Date of Award


Degree Type


Degree Name

Master of Public Health


School of Exercise and Health Sciences


Health, Engineering and Science

First Advisor

Associate Professor Jacques Oosthuizen

Second Advisor

Dr Julie Dare


Background: Homebirths in Western Australia (WA) account for approximately 0.8% of all births. Two consecutive reports from the Perinatal and Infant Mortality Monitoring Committee found increased rates of perinatal mortality in homebirths and recommended a prospective cohort study to assess mortality and morbidity outcomes for women with planned home births in WA. The Homebirth in WA Study, of which this thesis is a component, has been funded by a directed research grant.

Aim: The aim of this study was to explore the specific reasons why women in WA choose homebirth. Research on homebirths is focused on perinatal outcomes and comparisons of satisfaction between hospital and homebirth. Based on these comparisons, assumptions are made as to why women choose to have a homebirth or make this choice. There is a paucity of research directly addressing the reasons why women make this choice.

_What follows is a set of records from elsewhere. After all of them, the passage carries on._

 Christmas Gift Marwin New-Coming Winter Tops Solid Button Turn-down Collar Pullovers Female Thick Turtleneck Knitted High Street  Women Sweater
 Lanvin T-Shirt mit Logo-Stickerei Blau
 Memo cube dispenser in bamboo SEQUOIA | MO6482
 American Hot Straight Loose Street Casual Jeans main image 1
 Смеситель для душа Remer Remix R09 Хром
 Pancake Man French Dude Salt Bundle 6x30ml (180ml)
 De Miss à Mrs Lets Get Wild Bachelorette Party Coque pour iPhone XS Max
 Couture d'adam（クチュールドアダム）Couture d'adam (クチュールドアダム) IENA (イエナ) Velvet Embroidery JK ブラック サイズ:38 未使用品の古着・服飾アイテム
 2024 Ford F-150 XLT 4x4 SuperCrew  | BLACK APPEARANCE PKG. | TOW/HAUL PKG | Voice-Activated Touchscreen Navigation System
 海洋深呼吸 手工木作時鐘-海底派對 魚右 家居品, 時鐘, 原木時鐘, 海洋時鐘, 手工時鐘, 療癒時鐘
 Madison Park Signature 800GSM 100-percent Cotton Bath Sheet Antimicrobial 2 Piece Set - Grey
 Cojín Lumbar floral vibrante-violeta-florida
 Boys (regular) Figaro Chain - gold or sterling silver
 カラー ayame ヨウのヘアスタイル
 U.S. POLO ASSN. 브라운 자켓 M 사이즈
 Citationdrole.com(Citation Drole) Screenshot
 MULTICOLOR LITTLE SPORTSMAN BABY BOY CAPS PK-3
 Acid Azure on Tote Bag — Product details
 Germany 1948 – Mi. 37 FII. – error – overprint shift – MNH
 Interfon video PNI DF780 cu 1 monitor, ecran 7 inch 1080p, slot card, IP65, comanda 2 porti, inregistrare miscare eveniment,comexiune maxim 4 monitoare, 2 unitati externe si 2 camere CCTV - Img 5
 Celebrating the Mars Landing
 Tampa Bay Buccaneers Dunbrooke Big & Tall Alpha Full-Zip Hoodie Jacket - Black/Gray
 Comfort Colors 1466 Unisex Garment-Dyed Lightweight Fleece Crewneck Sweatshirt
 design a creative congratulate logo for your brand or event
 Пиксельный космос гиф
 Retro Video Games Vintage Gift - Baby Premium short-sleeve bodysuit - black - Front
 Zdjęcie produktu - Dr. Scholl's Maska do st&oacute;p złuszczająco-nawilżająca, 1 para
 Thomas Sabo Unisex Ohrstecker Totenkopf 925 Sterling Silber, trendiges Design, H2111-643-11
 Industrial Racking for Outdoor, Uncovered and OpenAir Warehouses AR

Methods: This is a quantitative prospective observational study. Pregnant women planning a homebirth in WA were invited to participate in the study. Women recruited into this study (n=135) were asked about their obstetric history and associated satisfaction with their previous birth experience, and were asked to select from any of 27 options as being their reasons for choosing homebirth, with the option to provide additional reasons of their own. They were also asked to select the three most important reasons. Women were asked to rank their perception of how important it is for them to have a homebirth, their perception of the safety, their level of confidence and the support they have received from their spouse and family and friends for their choice. The women were also invited to share further comments.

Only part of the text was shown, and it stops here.